Twentieth-century translations have the problem of how to deal with the fact that now the word "hell" means to most people "the place of the damned" and so to avoid implying Jesus went there, they use a different term when rendering this verse.

The Revised Standard Version transliterates the Greek word used here and speaks of "hades." This Greek term, like the original meaning of the word "hell," simply meant the place of the dead.

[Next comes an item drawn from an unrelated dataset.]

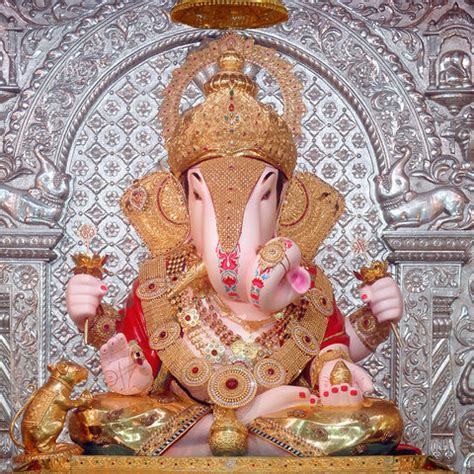 Shrimant Dagdusheth Halwai Ganpati Trust Aarti Mandal Songs Download: Shrimant Dagdusheth Halwai ...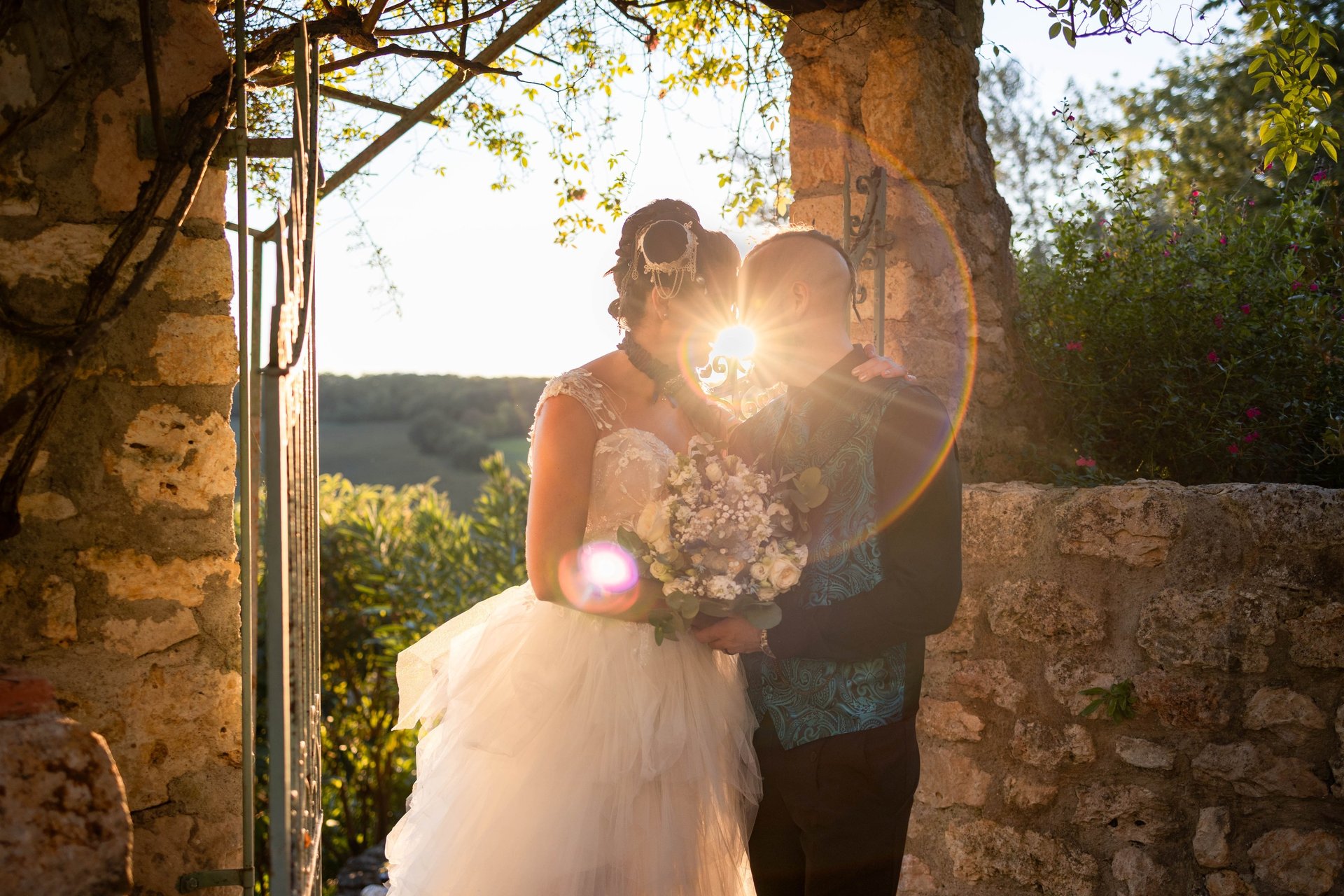 black blue and yellow textile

Unfortunately, also like the word "hell," the word "hades" has also taken on the connotation (but not quite as strongly) of being the place of the damned.

To sidestep this, the New International Version says Jesus was not abandoned to "the grave," but this isn't very satisfactory either because the Greek word "hades" meant more than "the grave." It meant the netherworld.

This problem of references to the netherworld taking on connotations of the place of the damned has happened elsewhere, too. Originally, the Latin word infernum simply meant "the lower region" and was also used as a reference to the place of the dead. It, too, or rather its English derivative -- inferno -- has also acquired the firey connotations of the place of the damned, though these were lacking in its original use.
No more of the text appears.